Private and Public sectors: an immaculate performance
Not only the public sector has heavily committed to the building construction industry, but also a variety of privately conducted real estate projects are currently underway. The vast array of XXL building construction projects conducted significantly outshines the post-crisis era in which the private sector only scarcely invested and many projects had been canceled.
Most countries affiliated with the Gulf Co-operation Council (GCC) had their public sectors spend continuously after the 2008 real estate market crash. In accordance with Qatar National Bank (Hyperlink http://www.qnb.com.qa/cs/Satellite/QNBGlobal/en/enGlobalHome) GCC spending gradually increased, year-by-year, over the past ten years. At the same time output in the local building construction sectors substantially grew in the past six years, reaching its first peak already in 2012 at 5%.
The future remains bright with both, elevated public and private spending that will account for a continuous increase in building construction projects in the Gulf area. With reference to our custom made analyses for the area, investment is believed to remain increased. The overall value of currently on-going projects within the GCC total approximately $ 1.7 trillion. In addition, we found about $ 900 billion will be spent on local building construction projects until 2020.
The gulf building construction boom was primarily lead by Qatar and Saudi Arabia, whose building construction sectors grew by around 10% on average after the crisis and have, ever since 2013, significantly accelerated. The building construction industry’s upswing in these countries was fundamentally motivated by heavy expansions of urban areas and infrastructure. Qatar solely is believed to spend another $ 200 billion on building construction projects related to the 2022 FIFA World Cup. Furthermore, Qatar’s population is virtually exploding having hit almost 2.2 million as of today. The tremendously growing population levels naturally ask for major building construction developments. Lusail City for instance, that is described as Qatar’s future, will be a northern suburb of the capital city of Doha accommodating 200.000 people.
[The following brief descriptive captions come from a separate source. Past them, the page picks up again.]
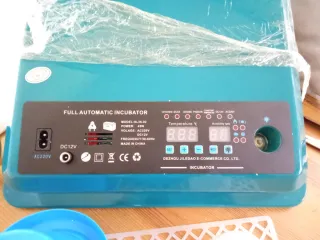 Incubatrice automatica 36 uova con accessori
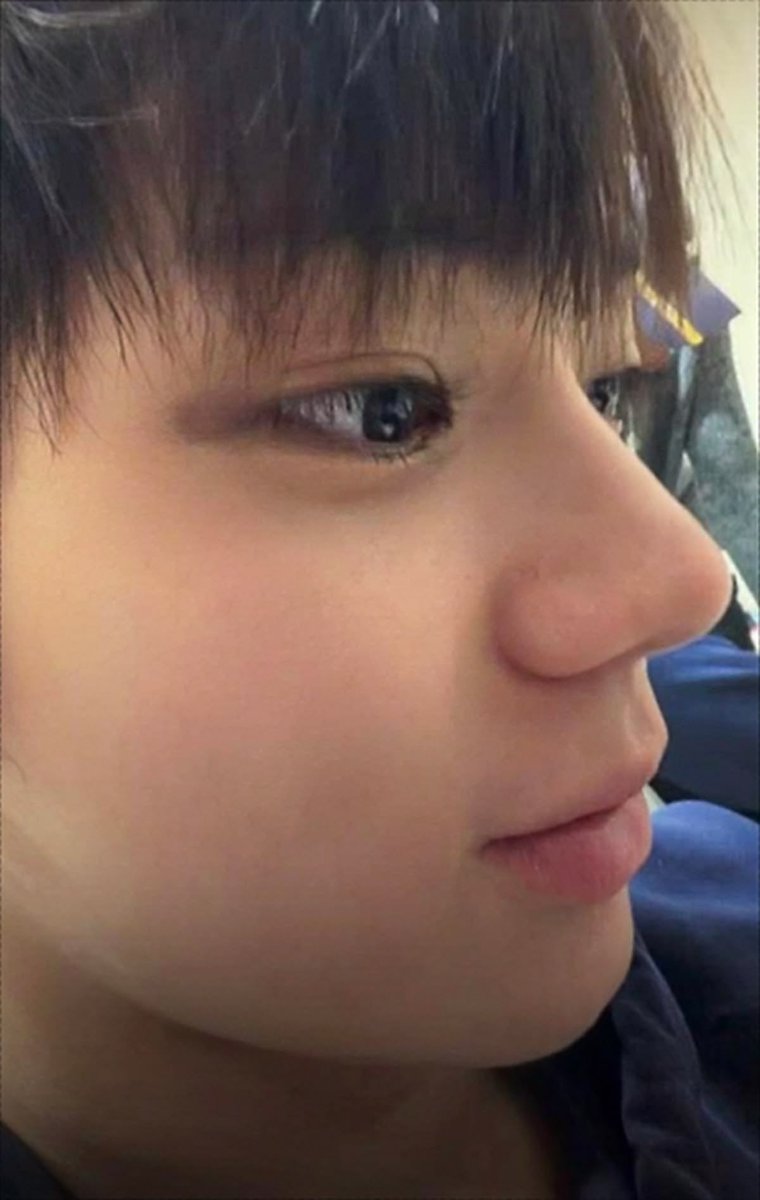 meme_4sho's tweet photo. Ohyul looks so cuteee up close https://t.co/GsOT5nFXKO
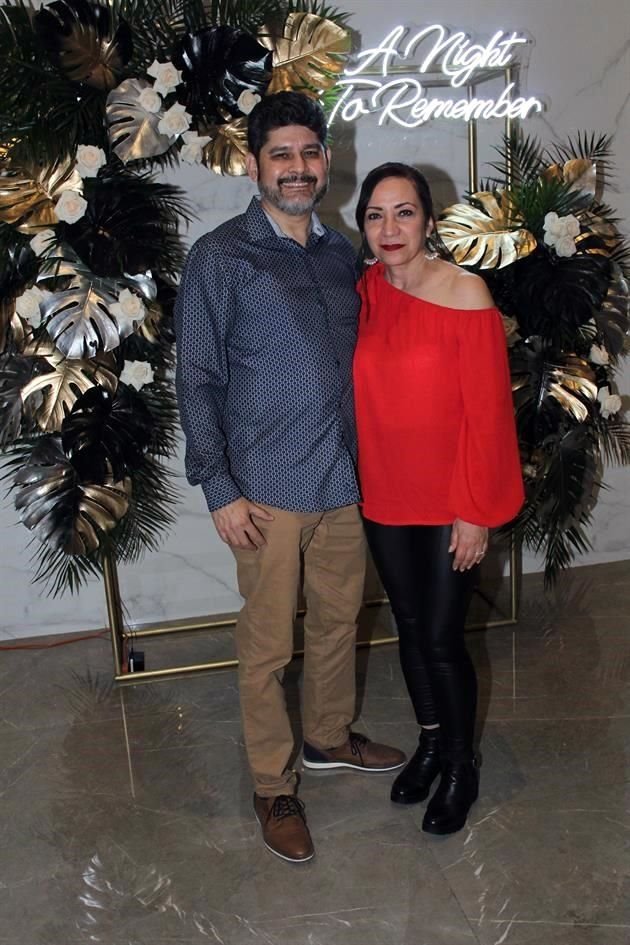 Alberto Cardoza y Alejandra de Cardoza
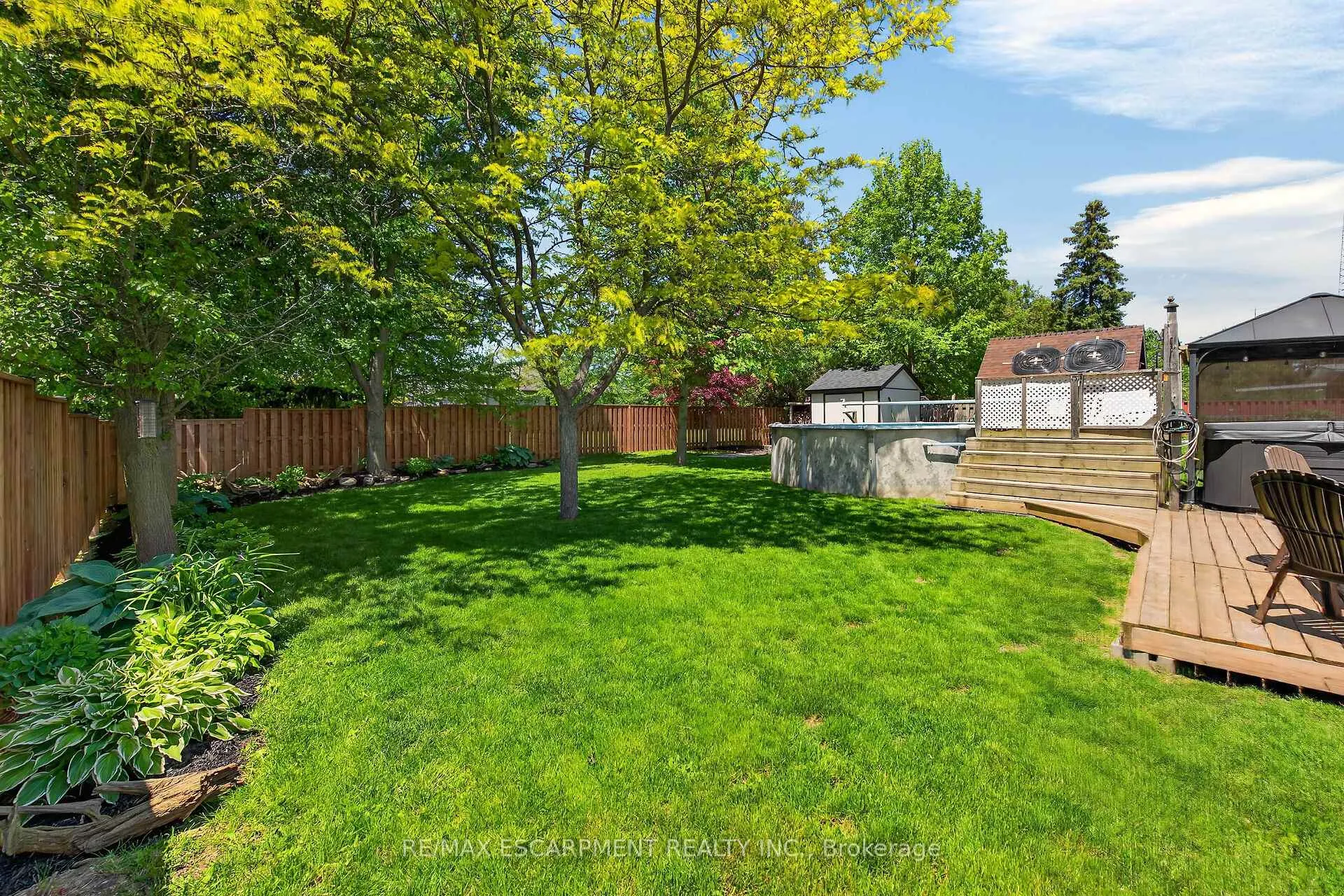 Photo 41 of 10 Elm Street, Norfolk, Simcoe — HOMEH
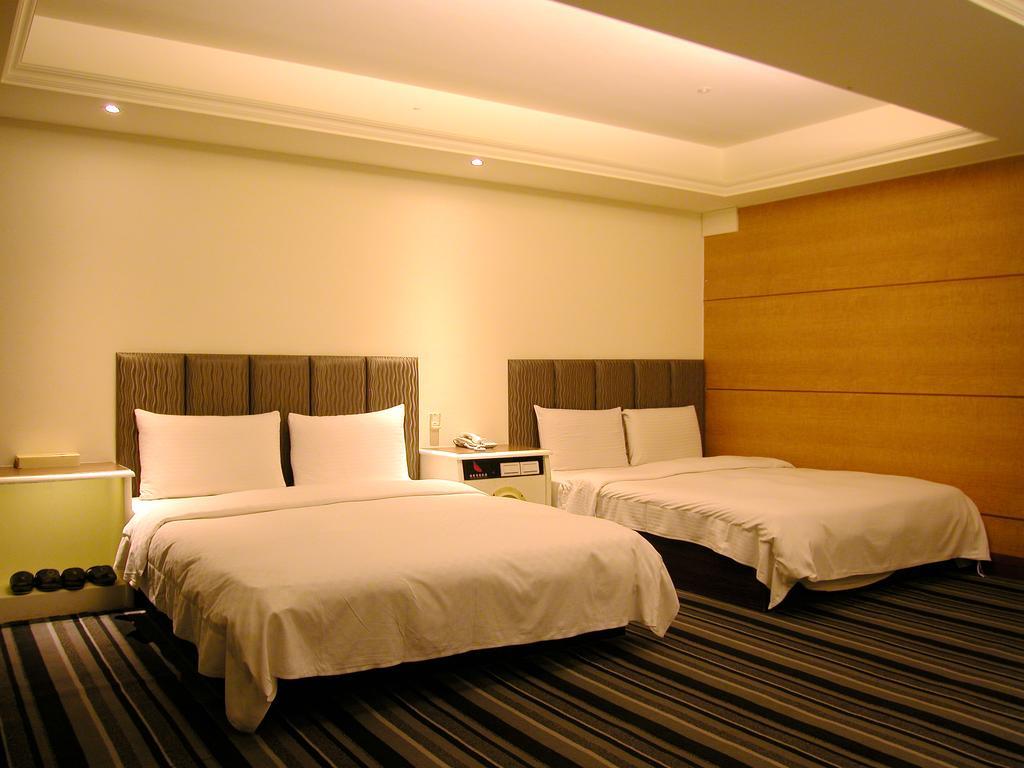Zaw Jung Business Hotel Taichung Exterior foto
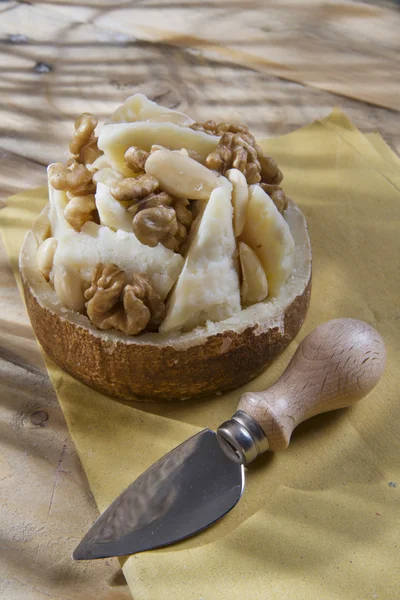 Já jsem vykopal, pecorino sýrem a ořechy mandle — Stock fotografie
Saudi Arabia: economic spread and diversification
Building Radar’s research has shown, that a greater emphasis on infrastructure projects in the cities of Jeddah and Riyadh has been equally beneficial for the building construction sector in Saudi Arabia. Simultaneously the Saudi Arabian government has initiated the redevelopment of Mecca’s Grand Mosque as well as additional accommodation for pilgrims that will total an investment of $ 27 billion. Moreover, at present, we are witness to a series of economic young-guns on the Saudi Arabian map. This development has helped spread and diversify population all over the country and may be regarded as an exceptional building construction boost. King Abdullah Economic City on Saudi Arabia’s west coast is the most prominent of its rising stars. Building construction spending totaled around $ 90 billion, including an entirely new port. Saudi Arabia’s private sector has been thoroughly active as well- in 2017 Prince Alwaleed bin Talal’s Kingdom Tower will be completed marking the opening of the then tallest building in the world at a height of 1km.
UAE back on the pitch with a claim to fame
Prior to the real estate crisis, the United Arab Emirates were the biggest kid in the building construction arena; yet the bursting bubble also affected them the most. Most building construction projects had been undertaken by the private sector as well as state-owned construction developers who were immensely leveraged with debt resulting from the crisis. Saudi Arabia and Qatar, on the other hand, had been primarily founded by hydrocarbons revenue. As soon as the hit crisis hit many building construction projects no longer seemed feasible.
In spite of the UAE’s temporarily recession state-lead building construction has seen a novel upswing based on substantial spending made possible by Abu Dhabi’s extensive oil revenues. Indeed UAE building construction contracts have, for the first time since the crisis, exceeded those of Saudi Arabia totaling $16 billion in 2012. Mohammed bin Rashid City is one of the most prominent building construction projects featured amongst the many building construction projects planned over the next decade. Bin Rashid City will include the world’s largest mall, a Universal Studios theme park as well as hotels in excess of more than 100.